As we shared this information with the crowd on Tuesday, you could feel the support and the buzz. We’re at a time where many female up-and-coming Country artists have great songs—that they write themselves or for other artists—and stories to tell, and they’re not afraid to be loud. This room of publishers and managers was so supportive, men and women alike, and committed to driving change in the industry. The radio people in the room talked about opening playlists and letting more women in, and not allowing old industry conventions to hold them back from playing great new songs. Publishers talked about encouraging female songwriters and making space for them. Everyone recognized that change won’t happen overnight, but conversations like the ones on Tuesday are a great start to acknowledging that conventional wisdom no longer applies.

And we at Coleman Insights were part of it. Good research provides an understanding of the audience and, in cases like these, the insights you need if you think it’s time to change a conversation.

2 thoughts on “Changing the Country Radio Conversation”

  1. Steve King

    Props to Leslie Fram and CMT for doing their part in seeking answers and being actionable.

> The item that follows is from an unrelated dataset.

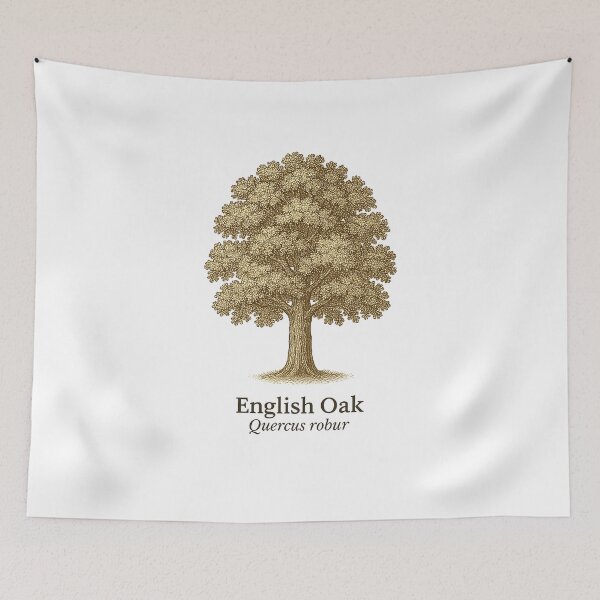 Item preview, English Oak Botanical Illustration – Quercus robur designed and sold by BloomKind.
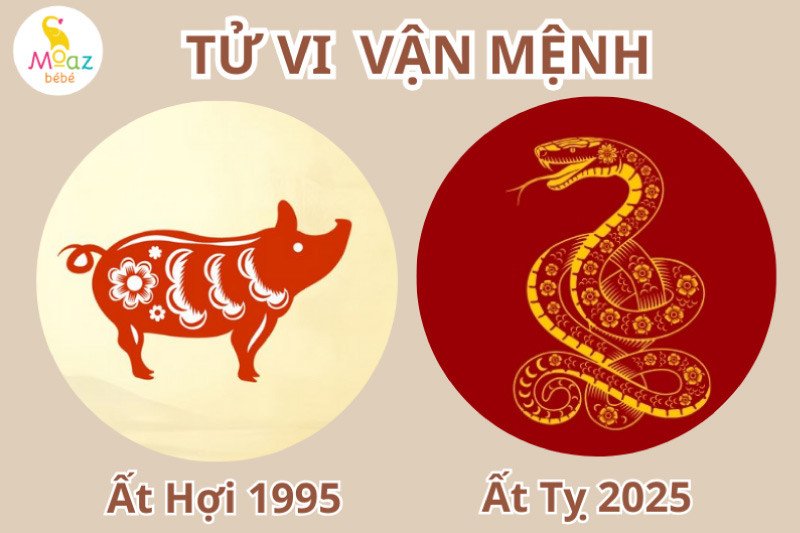 Phân tích tử vi tổng quan để biết tuổi Hợi đẻ con tuổi gì hợp, đặc biệt là tuổi Ất Hợi 1995 và Ất Tỵ 2025.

    I 100% agree there is a strong need for for more female voices on Country radio,. However, if a finger is to be pointed, it needs to include the record labels. (Just to be clear, I do think radio is culpable, as well…but not the scapegoat/villain radio is being made out to be. )

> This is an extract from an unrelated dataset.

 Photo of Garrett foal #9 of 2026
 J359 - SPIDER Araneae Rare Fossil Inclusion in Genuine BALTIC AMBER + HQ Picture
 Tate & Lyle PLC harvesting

    Radio is only able to be a united front to make a change for more women in Country radio only if we have the product to play. You can’t make things if you don’t have the supplies.

    Up to this point, the labels have done little to nothing to draw attention away from radio being the only problem this conversation. Had they been prioritizing woman as part of their rosters, this conversation would not exist. For this reason, I find this issue to be placed in the wrong camp. Artists are an investment. It doesn’t seem that anyone is advocating for the investment.

    You all got a lot of great insights to the desire for Country radio to incorporate more women into the format, Just as strongly, I also see Mark Ramsey’s point. (in RadioInk https://radioink.com/2020/02/21/research-country-programmers-do-not-know-their-audience/). The audience does not see the disparity as a listening issue, nor do they hold the belief that too many women in a row is a bad thing. (The female limit rule that was tweeted out was stupid…stupid to have such a rule and just as stupid to tweet.)

    Good music is good music. Research supports that. Ticket sales supports that. Streaming numbers support that.

    That is a mantra we use at our station. We seek out the best music, always. It is our obligation to deliver the best all the time. Every week we seek out great music and we specifically search for great songs from the women of Country music. Currently, women encompass 45% of our playlist. But they are great SONGS, not just because of their gender. If we added women to the playlist just because of gender, we would not doing a service to the format, the radio industry and women, as a whole.

    All points from your research and Mark’s are valid, but shaming radio is not where the conversation should start and end, it should be PART of the greater conversation. But what artist (of any gender) is going to call out their label for doing them wrong? That’s like smack talking your employer in the Wall St. Journal and expecting a raise.

    If there is going to be a change for gender equality in Country radio, the labels need to actively seek out new talent, work with them, have an A&R department that does more than watch YouTube videos for the next big thing, find better songs for these women, have producers who can make their songs stand out as being more than just another Carrie Underwood/Miranda Lambert sound-a-like. Carrie and Miranda are amazing, but the female artists of tomorrow deserve to have as unique of a sound as the men. When this happens and the labels become a bit more introspective as to their role in this PR nightmare, only then will a change begin.

  2. Mark

    I think it’s the safe and popular thing to say but it’s another thing to actually really mean it. I hope weekly and monthly research will prove this article to be true. The 25 years I’ve seen of weekly and quarterly music research says otherwise.